Tuneberg’s company, Geospiza Inc., sells artificial intelligence software that scours data to help cities find and protect their most vulnerable residents during a disaster. She says the platform can check multiple databases to guess which residents, in this case, have hearing impairments or use personal-care attendants. It then alerts emergency managers about who’s likely to need assistance. “It’s just too hard in the fog of war, given our current technology, to pull those pieces together in a timely fashion,” Tuneberg says. “That’s what we’re trying to do.”

As climate change makes weather more extreme, a new crop of startups—including Geospiza, named for the adaptable finches made famous by Charles Darwin—is trying to harness AI to save lives by predicting damage from hurricanes, wildfires, and earthquakes better and faster than humans do. Although the services remain largely unproven, cities around the U.S., many still reeling from last year’s record disasters, have begun signing up for them. Geospiza has a contract with Redmond, Wash., and has pilot agreements with Multnomah County, Ore., which includes Portland, and Jefferson County, Fla.

Another startup, One Concern Inc., assesses building data, elevation, soil types, weather data, and other factors to predict earthquake damage block by block and identify which buildings are most in need of reinforcement. After a quake, the company says, it can recommend where to evacuate, send first responders, and set up shelters. “You can save an order-of-magnitude more lives with good planning,” says co-founder Nicole Hu. The company says it plans to introduce similar services for wildfires and floods later this year.

The One Concern software is already being used in San Francisco to plan drills, says Michael Dayton, deputy director for the city’s Department of Emergency Management. Dayton says the software can predict, for example, whether and where an earthquake is likely to cause fires, based on where that earthquake strikes and how strong it is. It can also predict the safest routes for bringing aid and other supplies into the city.

In Utah, the nonprofit Field Innovation Team is experimenting with AI software that can anticipate what people in shelters will need based on the ages and health of those most likely to lose their homes. That information can guide how the shelters are designed, what help they offer, and even what kinds of donations officials solicit from the public, says founder Desiree Matel-Anderson, former chief innovation adviser at the Federal Emergency Management Agency.

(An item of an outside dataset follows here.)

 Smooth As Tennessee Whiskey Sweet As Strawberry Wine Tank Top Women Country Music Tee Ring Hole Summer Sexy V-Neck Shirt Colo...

AI isn’t a panacea, especially if the relevant databases aren’t kept current. “That has to be an ongoing effort,” says Mark Ghilarducci, director of the California Governor’s Office of Emergency Services. “The last thing you want to do is make decisions on old or bad information.” Given the power of such systems, privacy is another concern. Just as important, the software can often be a black box that’s difficult to hold accountable, says Sarah Miller, chair of the Emerging Technology Caucus for the International Association of Emergency Managers. “If the AI somehow accidentally decides that those who have higher incomes are more worthy of saving, then it might redirect resources accordingly, and we might not know that,” she says.

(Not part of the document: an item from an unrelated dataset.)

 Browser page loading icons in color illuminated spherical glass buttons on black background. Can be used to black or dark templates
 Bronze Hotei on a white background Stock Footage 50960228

Hu says One Concern will never sell or share any personal information, while Tuneberg says Geospiza ensures that such data are available only to people with “an appropriate and valid need to know.” She says that in the unlikely event that AI inadvertently privileges some groups over others, as it can in the risk assessment software sometimes used in criminal sentencing, developers would be able to spot those outcomes through regular testing. “Minorities and people with disabilities are ignored by the system through human approaches every single day,” she says. “This idea that AI is going to do worse by them, I would say, is ridiculous.”